Rook kicked the toe of his shoe against the lip of the rug. “Look, this is starting to sound more like an intervention than an arrest.”

“I promise, we won’t make you wait long. After all,” she said with mock solemnity, “you’ve earned that.” She got in the elevator with Roach.

“Just for that I may do my whole article about someone else.”

“Break my heart,” she said as the doors shut on him.

When Detective Heat entered through the front door of the apartment, she found Noah Paxton by himself in the living room. “Where’s Kimberly?”

“She’s not here.”

Raley and Ochoa stepped in behind Nikki. “Check all the rooms,” she said. Ochoa disappeared with Raley down the hallway.

“Kimberly’s not back there,” said Paxton. “I already checked.”

Heat said, “We’re do-it-yourselfers. We’re funny that way.” Her gaze went to the room full of artwork, hanging as it always had been, floor to ceiling. Nikki marveled at the sight. “The paintings. They’re back.”

Noah seemed to share her bewilderment. “I don’t understand it, either. I’m just trying to figure out where the hell they came from.”

“Relax, you don’t have to playact anymore, Noah.” She watched the furrows crease his brow. “They never left the Guilford, right? We tapped her phone call to you not twenty minutes ago.”

“I see.” He thought a few seconds, no doubt sorting through his side of the conversation, wondering if he could be an accessory after the fact. “I told her she was nuts,” he said.

“Now, that’s a good citizen.”

He opened his palms to her. “I apologize, Detective. I knew I should have called you. Guess I still have my protective instinct for the family. I came over here to talk sense into her. Too late now.” Nikki just shrugged. “When did you find out she stole them? During that phone call?”
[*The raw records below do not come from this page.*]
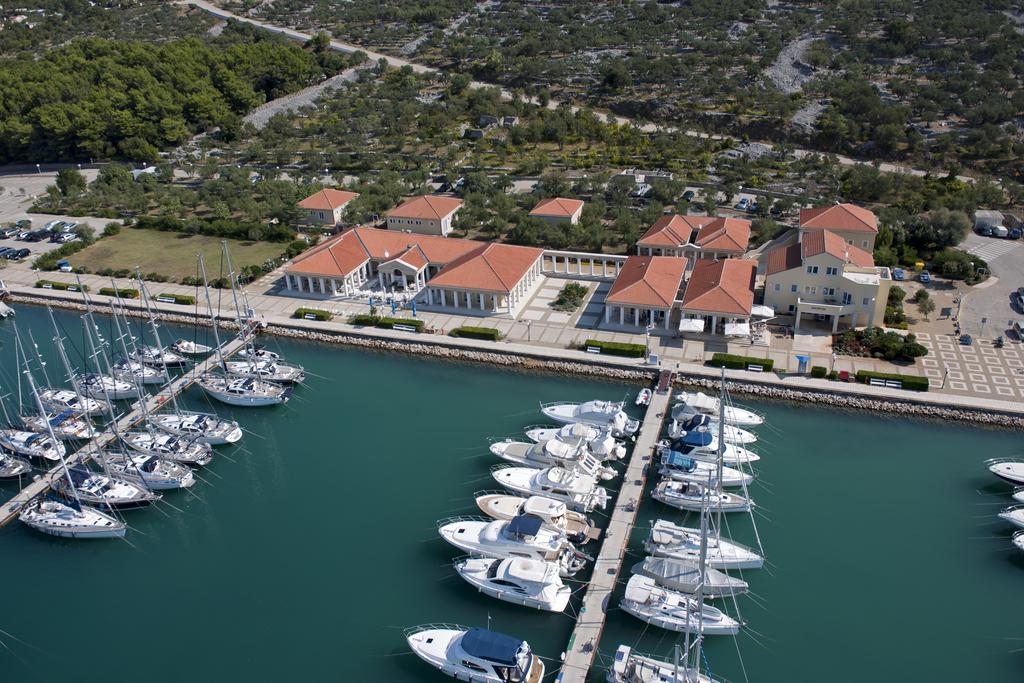 Apartment Aci Marina Cres Εξωτερικό φωτογραφία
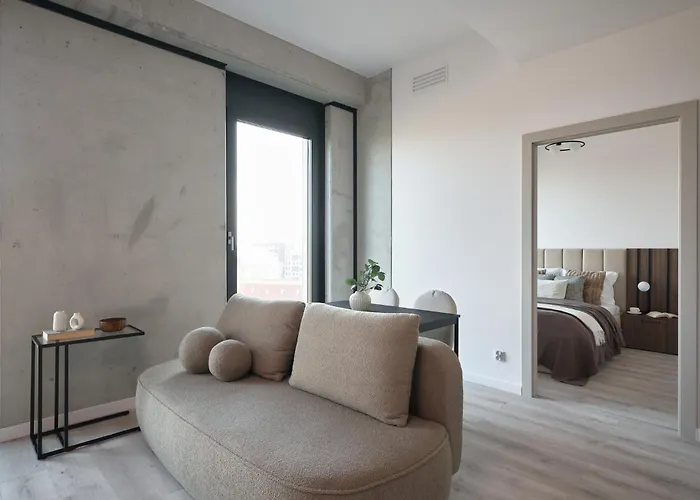 Symphony Krakowska 35 3*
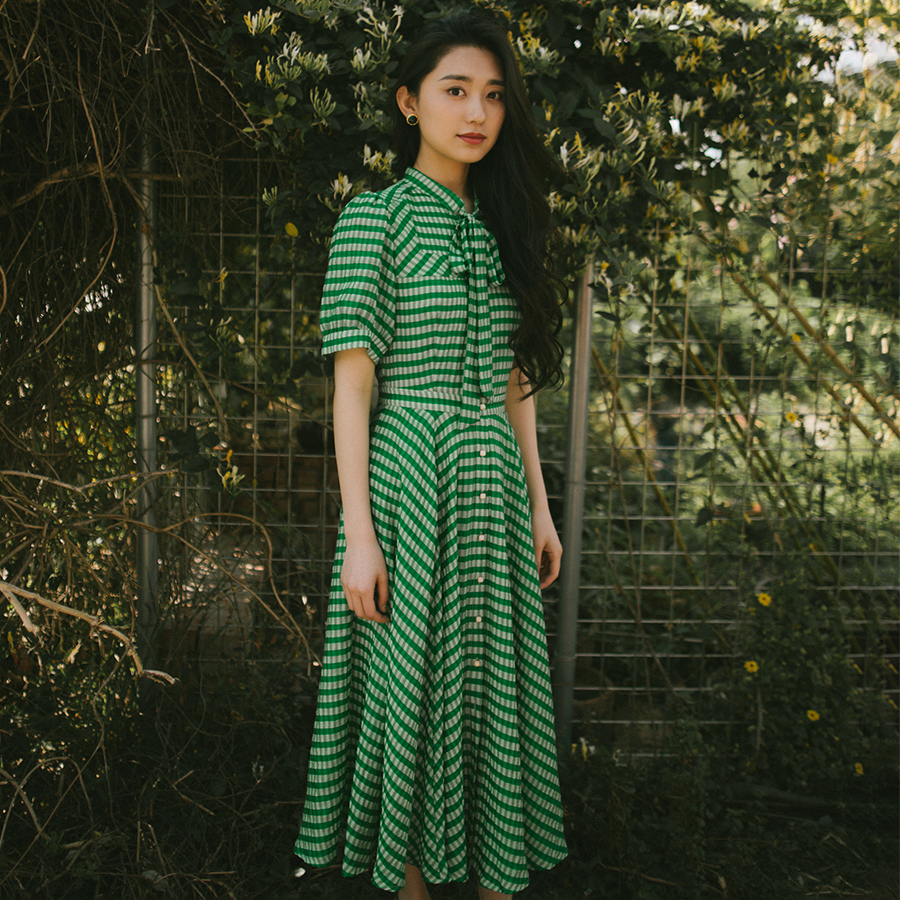  撒哈拉原创《守住绿马》骨子里的文艺感 罗马假日绿格复古长裙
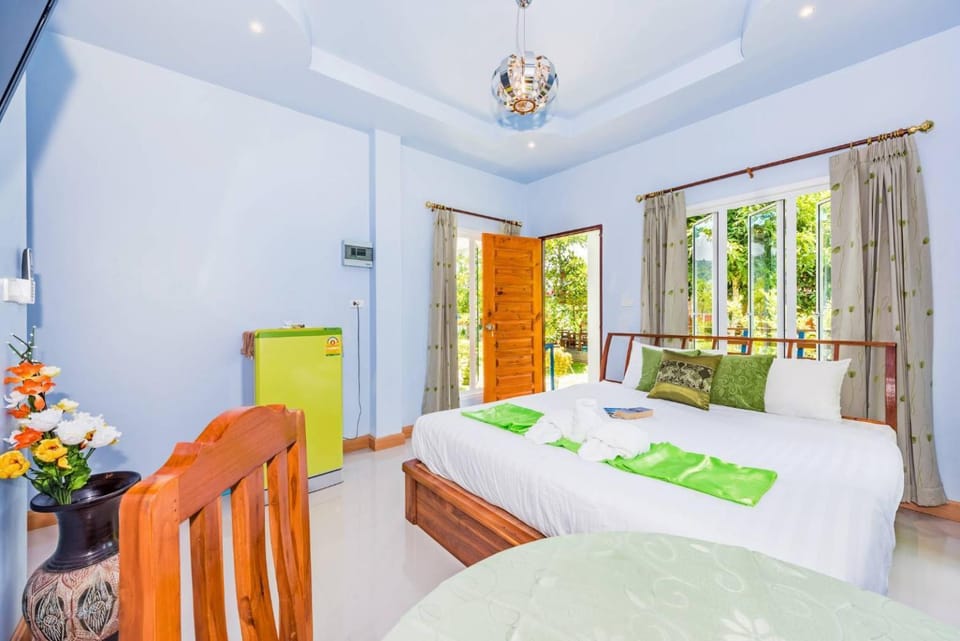 Bed, Photo of the whole room, Bedroom, towels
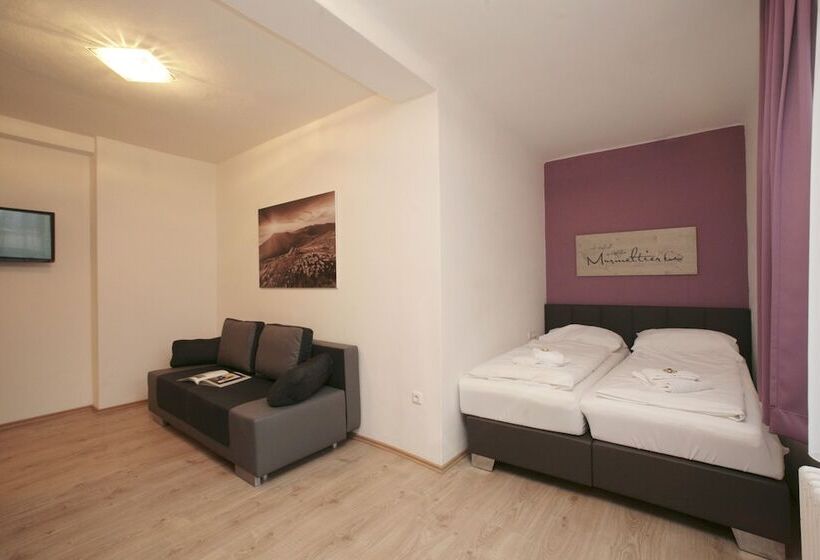 غرفة كمفورت مع بلكونة, Lake And Cityhotel Edelweiss   Self Check In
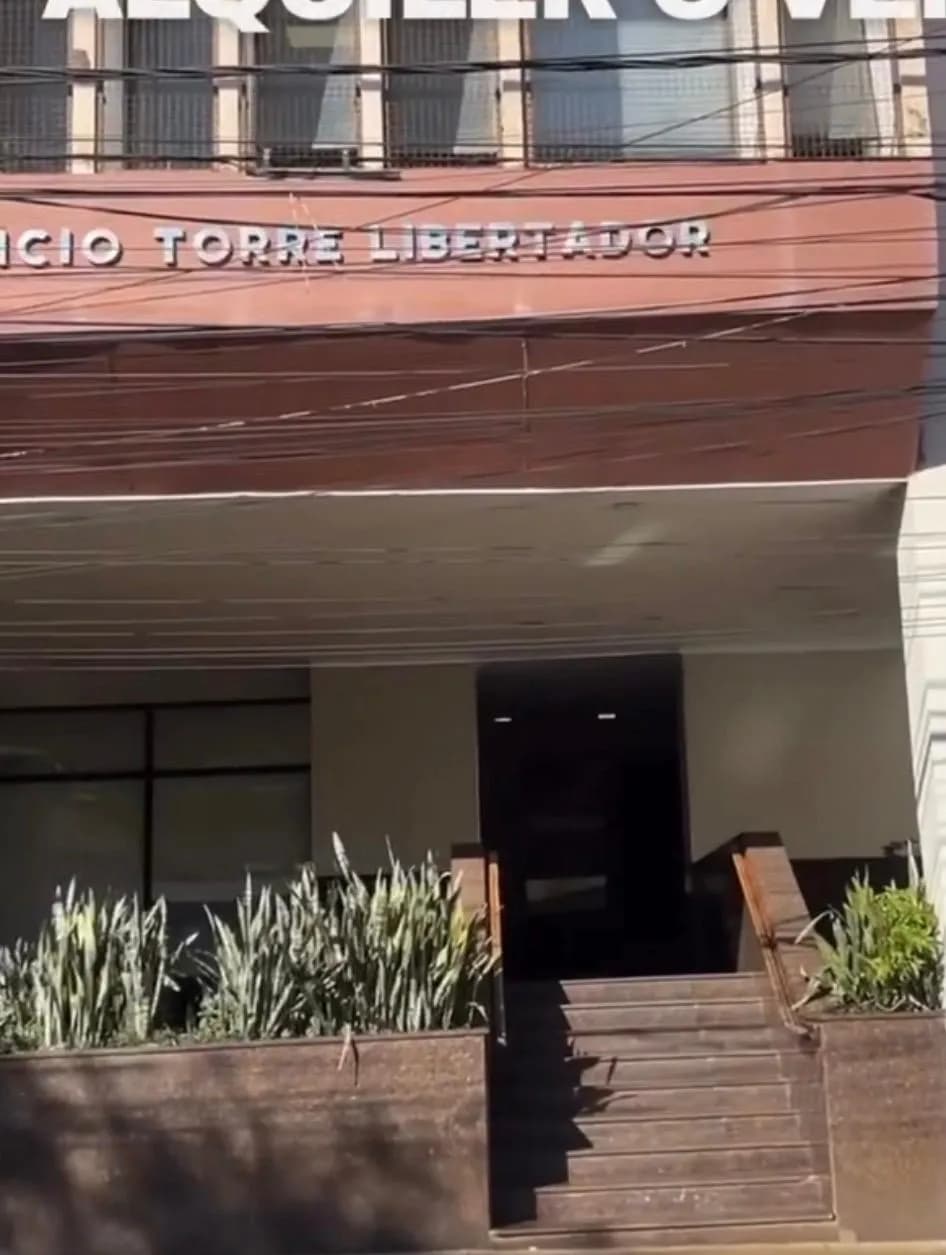 Entrada del Edificio Torre Libertador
“No. The alarm bells sounded for me when I heard our widow-in-mourning bought a piano and left town for the delivery. Does Kimberly strike you as someone who’d leave rearranging her precious antiques to a work crew and a dimwit nanny?” Nikki ambled to the Steinway and tinkled one key. “We checked with the building super. He confirmed the piano movers came here in the morning with a huge crate, but didn’t recall them leaving with one. It fell off his radar, I guess, after all the confusion around the blackout.”

Noah smiled and shook his head. “Wow.”

“I know, pretty sneaky, huh? They never left the building.”

“Ingenious,” said Paxton. “And not a word I associate with Kimberly Starr.”

“Well, she wasn’t as smart as she thought.”

“What do you mean?”

Nikki had run this over and over in her head so that it was crystal clear to her. Now she would bring Noah along on the ride. “Did you know Matthew had changed his mind about selling his collection?”

“No, I didn’t know anything about that.”

“Well, he had. The same day he was killed, a woman from Sotheby’s named Barbara Deerfield came over here to appraise it. She was murdered before she got back to her office.”

“That’s horrible.”

“I believe her murder was connected to Matthew’s.”

His brow darkened. “It’s tragic, but I don’t understand the connection.”

“Neither did I. I kept wondering, Why would anyone kill an art appraiser? Then I discovered that Starr’s entire art collection was made up of forgeries.” Nikki watched a pallor wash out Noah Paxton’s face.

“Forgeries?” He let his gaze wander the walls. Nikki saw his eye fall upon a piece of art near the archway. The one covered by a shroud.

“Fakes, Noah.” His attention snapped back to her. “The whole collection.”

“How can that be? Matthew paid top dollar for these paintings, and from reputable dealers.” Paxton’s color was coming back and then some as he grew more agitated. “I can assure you when we bought these they were not fakes.”

“I know,” said the detective. “The insurance documentation pictures bore that out.”

“Then how could they now be fakes?”

Nikki sat on the arm of a sofa that cost more than most people’s cars. “The appraiser took her own set of photos of the collection as notes. We found her camera and her pictures didn’t match the insurance shots. She had documented a roomful of forgeries.” Heat paused to let that sink in. “Sometime between the purchase and her appraisal, someone switched the art.”